Luis Machado Feb. 10, 2016, 12:52 p.m. UTC | #6
On 02/09/2016 06:55 PM, Maciej W. Rozycki wrote:
> On Tue, 9 Feb 2016, Luis Machado wrote:
>
>> I'm finally getting back to this. Sorry for the delay.
>
>   No problem, thanks for keeping a track of it.
>
>>>    I'm not convinced however that it is safe to assume all SIGTRAPs come
>>> from breakpoints -- this signal is sent by the kernel for both BREAK and
>>> trap (multiple mnemonics, e.g. TEQ, TGEI, etc.) instructions which may
>>> have been placed throughout code for some reason, for example to serve as
>>> cheap assertion checks.
>>>
>>>    Is there a separate check made afterwards like `bpstat_explains_signal'
>>> to validate the source of the signal here?
>>
>> In my specific example we are dealing with two breakpoint hits by different
>> threads. The first one is reported just fine and the one we have problems with
>> is the queued one that is reported afterwards when we attempt to move the
>> other thread.
>>
>> We do rely on bpstat_explains_signal when gdbserver/the remote target notifies
>> gdb about a stop. In the case of a queued breakpoint hit, it doesn't even get
>> reported back to gdb and is just ignored by gdbserver if it is recognized as a
>> breakpoint hit.
>
>   I'm not sure I understand what's going on here, why is a breakpoint hit
> required to be ignored by gdbserver?
>
>   From what you say I infer GDB controls a multi-threaded program and there
> it sets a software breakpoint which, by its nature, is global to all the
> threads.  Then multiple threads hit the breakpoint simultaneously (or
> nearly simultaneously) and the hits are delivered to GDB one by one, via
> gdbserver.  So why is GDB not prepared for that?
>
>   It set the breakpoint itself so it should expect it to hit sometime, and
> if there are multiple threads, then there can be multiple hits at once or
> almost at once because, even in the all-stop mode, there is no guaranteed
> way to stop the threads all at once.  The threads may be spread across
> different processors in an SMP system for example, all trapping literally
> at once -- and then the kernel queueing the signals according to its own
> internal schedule before delivering them to the debugger (that, from the
> kernel's point of view, being gdbserver in this case).
>

I went through the data again and i was partially mistaken about the 
above. Here's a detailed description of the events that take place in 
the reported situation.

1 - A breakpoint is inserted by GDB at some code that is executed by 
multiple threads.
2 - Two threads, let us call them 1 and 2, happen to hit the same 
software breakpoint, so both SIGTRAP's get sent by the kernel and 
gdbserver picks one of them to process.
3 - gdbserver figures out this is from a breakpoint hit, since it knows 
there is a breakpoint inserted at that PC, and sends a swbreak stop 
reply back to gdb.
4 - GDB gets the swbreak stop reply and notifies the user about the 
breakpoint hit for thread 1, displays the frame information etc.

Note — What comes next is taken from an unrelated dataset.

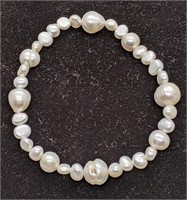 Cream / White Bead Stretchable Bracelet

Now, the user goes and deletes that specific breakpoint that triggered 
the previous event and switches the context to thread 2 and then 
attempts to continue execution.

5 - In gdbserver, thread 2 still has a pending SIGTRAP that was not yet 
handled.
6 - gdbserver proceeds to handle it, sees it is a SIGTRAP but cannot map 
that event back to a software breakpoint hit due to the removal of such 
breakpoint and because gdbserver doesn't expect SI_KERNEL to mean 
"software breakpoint hit".
7 - gdbserver then assumes this is a generic trap and reports it as such 
to GDB, in a new stop reply.
8 - GDB receives the stop reply and displays a generic trace/breakpoint 
SIGTRAP since it also cannot map the trap back to a software breakpoint, 
i.e. bpstat_explains_signal returns 0 and random_signal is non-zero.

Patching gdbserver to recognize a si_code of SI_KERNEL as a software 
breakpoint trap causes changes starting from 6.

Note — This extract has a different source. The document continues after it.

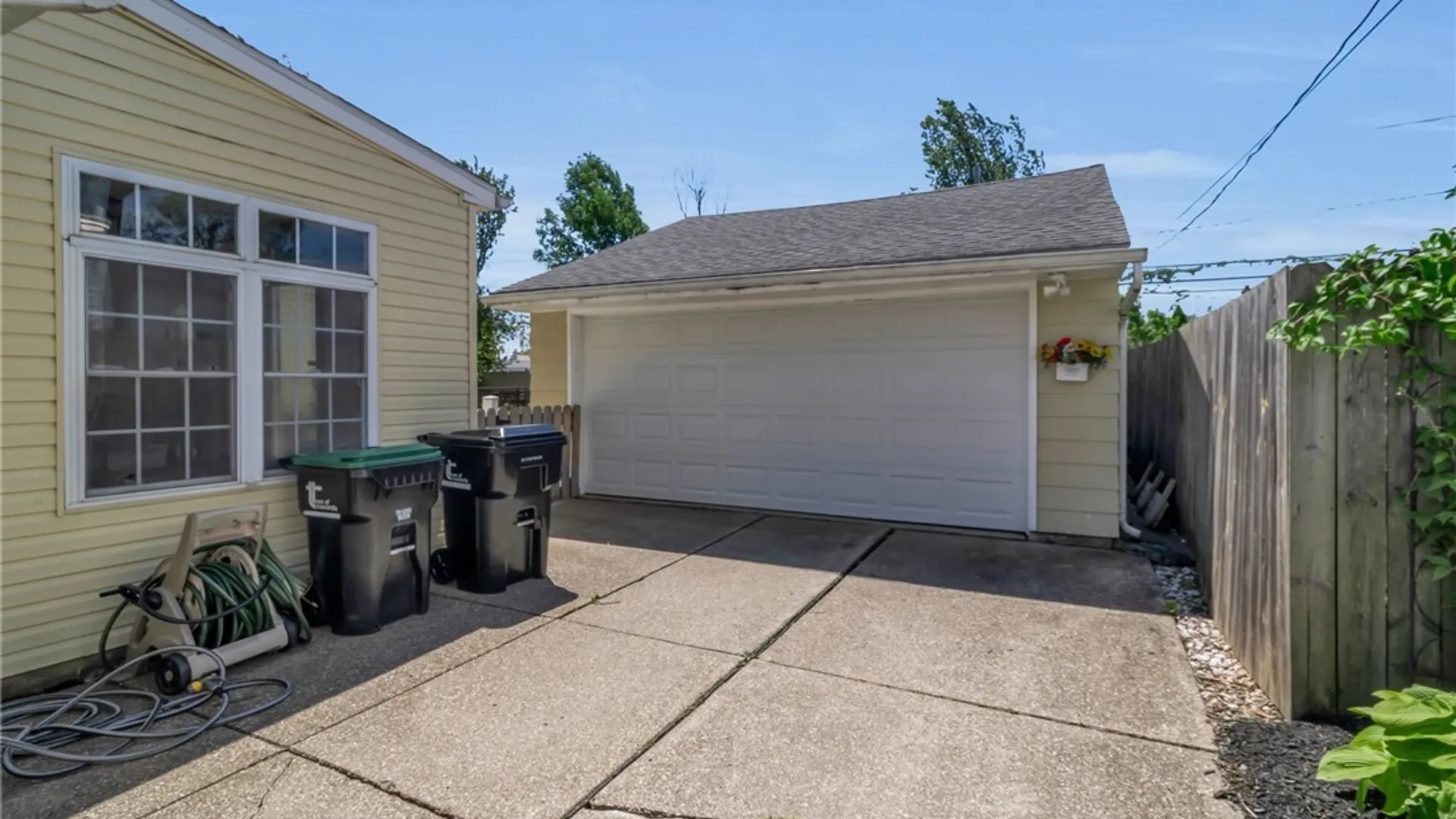 Property at 241 Woodcrest Boulevard, Tonawanda, NY 14223 50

6 - gdbserver proceeds to handle it, sees it is a SIGTRAP and that its 
si_code is SI_KERNEL, meaning a software breakpoint hit now, even though 
we can't recognize a breakpoint hit by checking for an underlying 
breakpoint instruction.
7 - gdbserver sends a swbreak stop reply back to GDB.
8 - GDB receives the stop reply and notices it is a delayed breakpoint 
hit. According to its logic, GDB discards this as useless and the 
program continues its execution properly. Here random_signal is non-zero 
and target_stopped_by_sw_breakpoint () returns 1 (because gdbserver told 
GDB so).

The problem of forcing gdbserver to recognize all traps with 
si_code==SI_KERNEL is that even hardcoded traps will be reported back to 
GDB as a swbreak event, which is not ideal.

But currently there is no easy way to tell a software breakpoint hit and 
a hardcoded trap (and maybe even a hardware breakpoint hit?) apart.

>> With the proposed change, even the hardcoded traps will initially be
>> recognized as breakpoints, albeit maybe recognized as permanent breakpoints
>> for some opcodes. It may cause gdbserver to ignore a second hardcoded trap
>> hit, which is not desirable.
>
>   So why does gdbserver have to be taught which breakpoints may have
> potentially been set by GDB and which may have not?  Why not to deliver
> them all and leave it up to GDB to decide?  I believe it will be the right
> thing to let GDB know that more than one thread has hit the same
> breakpoint.
>
>   Did I miss anything?  How is this situation handled in a native debug
> scenario?
>

I take it native debugging will display the same sympthoms because the 
definitions of si_code are shared between GDB and gdbserver, from 
nat/linux-ptrace.h. Native also uses a similar function to check for 
breakpoint hits, namely gdb/linux-nat.c:check_stopped_by_breakpoint. I 
did not test this with a native debugger though.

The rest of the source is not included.